▶ **Your goal**
From the line containing "Detail of dark" down to the line containing "Image of Bathroom", copy out the entries below exactly, both lines included, and nothing else; pictures do not belong in the copy.

▶ **Material for this task**
- Opening Delimiter -
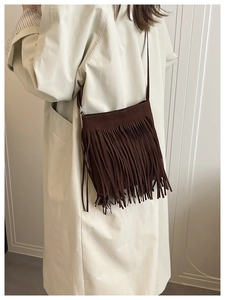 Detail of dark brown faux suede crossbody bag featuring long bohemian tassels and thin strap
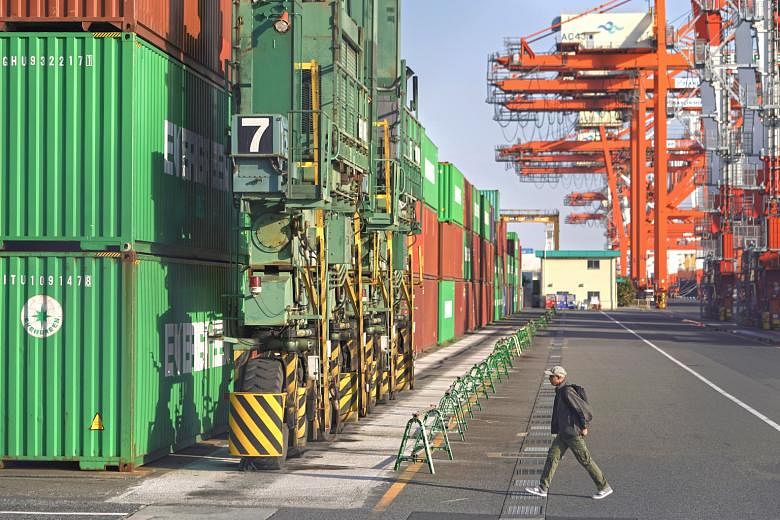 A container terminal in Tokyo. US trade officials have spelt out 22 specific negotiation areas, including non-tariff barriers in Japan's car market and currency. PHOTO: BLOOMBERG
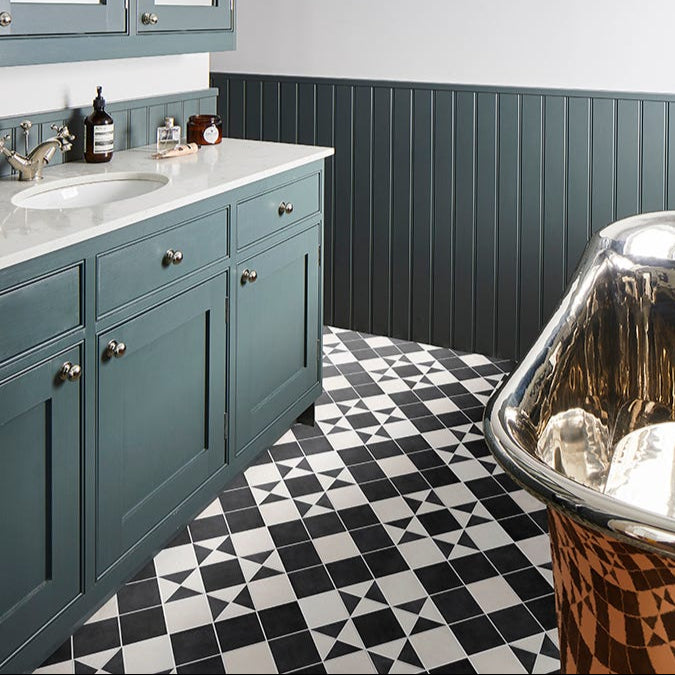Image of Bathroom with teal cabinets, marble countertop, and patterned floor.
- Closing Delimiter -
- Opening Delimiter -
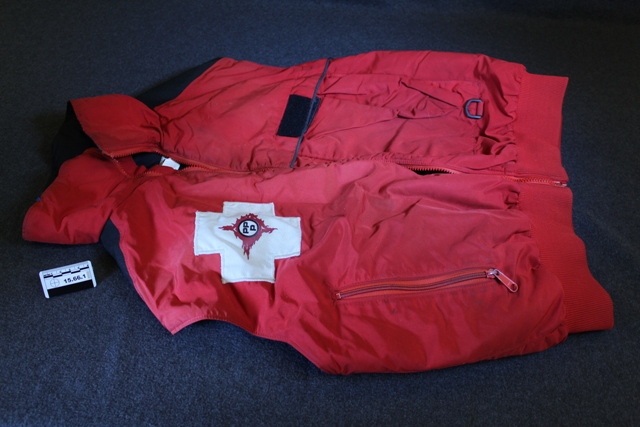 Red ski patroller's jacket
- Closing Delimiter -
▶ **Exercise response**
 Detail of dark brown faux suede crossbody bag featuring long bohemian tassels and thin strap
 A container terminal in Tokyo. US trade officials have spelt out 22 specific negotiation areas, including non-tariff barriers in Japan's car market and currency. PHOTO: BLOOMBERG
Image of Bathroom with teal cabinets, marble countertop, and patterned floor.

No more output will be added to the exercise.